Top of Task inputs

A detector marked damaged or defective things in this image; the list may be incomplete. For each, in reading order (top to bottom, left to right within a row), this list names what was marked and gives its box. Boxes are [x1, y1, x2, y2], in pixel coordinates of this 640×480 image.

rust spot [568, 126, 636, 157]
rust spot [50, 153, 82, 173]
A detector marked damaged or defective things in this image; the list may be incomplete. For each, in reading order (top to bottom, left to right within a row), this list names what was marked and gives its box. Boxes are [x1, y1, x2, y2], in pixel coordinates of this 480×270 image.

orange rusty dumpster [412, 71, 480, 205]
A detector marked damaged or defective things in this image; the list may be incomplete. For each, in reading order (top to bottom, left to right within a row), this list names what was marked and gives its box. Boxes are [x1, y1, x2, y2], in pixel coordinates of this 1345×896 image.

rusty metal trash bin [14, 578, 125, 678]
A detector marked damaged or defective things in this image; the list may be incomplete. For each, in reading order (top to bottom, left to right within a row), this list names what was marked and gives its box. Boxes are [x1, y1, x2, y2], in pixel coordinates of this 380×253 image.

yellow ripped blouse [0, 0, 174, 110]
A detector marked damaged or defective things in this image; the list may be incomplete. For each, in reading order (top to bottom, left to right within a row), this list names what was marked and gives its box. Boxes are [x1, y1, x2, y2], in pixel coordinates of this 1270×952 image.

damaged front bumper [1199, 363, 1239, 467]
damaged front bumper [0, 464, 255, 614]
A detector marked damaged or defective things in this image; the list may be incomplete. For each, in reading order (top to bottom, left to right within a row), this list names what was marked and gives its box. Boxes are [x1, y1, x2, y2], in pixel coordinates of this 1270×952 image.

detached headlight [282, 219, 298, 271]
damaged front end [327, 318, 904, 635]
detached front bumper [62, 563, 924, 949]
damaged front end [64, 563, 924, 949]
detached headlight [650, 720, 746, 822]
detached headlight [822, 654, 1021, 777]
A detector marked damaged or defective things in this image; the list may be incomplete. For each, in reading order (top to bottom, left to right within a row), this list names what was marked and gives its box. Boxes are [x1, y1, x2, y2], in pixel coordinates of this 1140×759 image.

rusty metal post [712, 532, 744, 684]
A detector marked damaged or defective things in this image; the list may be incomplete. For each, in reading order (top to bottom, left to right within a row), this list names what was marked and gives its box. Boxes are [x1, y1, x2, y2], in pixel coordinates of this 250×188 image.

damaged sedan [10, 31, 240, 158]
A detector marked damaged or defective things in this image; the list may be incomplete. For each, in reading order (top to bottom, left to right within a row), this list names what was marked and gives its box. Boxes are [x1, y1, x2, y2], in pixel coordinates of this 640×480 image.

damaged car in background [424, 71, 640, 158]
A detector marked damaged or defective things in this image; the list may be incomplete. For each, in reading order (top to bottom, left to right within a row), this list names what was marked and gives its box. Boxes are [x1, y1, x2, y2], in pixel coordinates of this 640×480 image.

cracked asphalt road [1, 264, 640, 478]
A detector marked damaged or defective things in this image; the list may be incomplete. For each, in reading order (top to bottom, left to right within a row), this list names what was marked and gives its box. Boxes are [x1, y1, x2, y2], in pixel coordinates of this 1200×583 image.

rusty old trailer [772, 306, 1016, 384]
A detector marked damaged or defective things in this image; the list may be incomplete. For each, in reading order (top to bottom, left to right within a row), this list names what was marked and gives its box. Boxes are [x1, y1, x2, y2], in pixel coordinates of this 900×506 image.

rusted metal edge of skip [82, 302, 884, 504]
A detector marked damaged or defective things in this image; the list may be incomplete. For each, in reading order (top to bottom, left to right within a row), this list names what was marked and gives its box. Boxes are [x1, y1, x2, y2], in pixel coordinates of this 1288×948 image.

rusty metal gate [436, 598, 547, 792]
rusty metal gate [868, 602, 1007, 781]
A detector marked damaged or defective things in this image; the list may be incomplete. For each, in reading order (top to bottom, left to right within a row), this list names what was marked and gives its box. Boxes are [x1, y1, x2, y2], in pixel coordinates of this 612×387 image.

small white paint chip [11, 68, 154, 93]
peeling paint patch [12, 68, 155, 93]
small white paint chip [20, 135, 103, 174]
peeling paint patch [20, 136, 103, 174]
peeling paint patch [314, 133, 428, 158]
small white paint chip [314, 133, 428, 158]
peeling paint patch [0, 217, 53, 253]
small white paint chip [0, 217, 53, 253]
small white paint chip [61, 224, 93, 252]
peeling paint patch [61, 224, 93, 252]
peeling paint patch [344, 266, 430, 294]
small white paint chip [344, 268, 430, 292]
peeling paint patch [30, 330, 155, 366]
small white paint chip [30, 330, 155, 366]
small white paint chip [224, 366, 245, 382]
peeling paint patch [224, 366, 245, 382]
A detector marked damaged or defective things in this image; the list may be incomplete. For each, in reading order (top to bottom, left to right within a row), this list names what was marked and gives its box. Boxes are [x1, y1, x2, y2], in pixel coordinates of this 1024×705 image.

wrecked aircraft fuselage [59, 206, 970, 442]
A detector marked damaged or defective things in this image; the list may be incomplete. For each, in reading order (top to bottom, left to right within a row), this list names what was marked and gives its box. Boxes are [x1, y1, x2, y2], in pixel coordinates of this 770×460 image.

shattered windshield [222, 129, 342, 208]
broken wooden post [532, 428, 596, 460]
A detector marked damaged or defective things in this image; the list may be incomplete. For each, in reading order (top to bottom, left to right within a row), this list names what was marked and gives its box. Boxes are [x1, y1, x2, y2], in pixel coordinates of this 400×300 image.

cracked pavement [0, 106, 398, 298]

Bottom of Task inputs

→ Problem requirements: Copy exactly the lines from the one with "this 400×300 image." through the last line of the material, keeping both ends.

→ Solution:
A detector marked damaged or defective things in this image; the list may be incomplete. For each, in reading order (top to bottom, left to right within a row), this list names what was marked and gives its box. Boxes are [x1, y1, x2, y2], in pixel coordinates of this 400×300 image.

cracked pavement [0, 106, 398, 298]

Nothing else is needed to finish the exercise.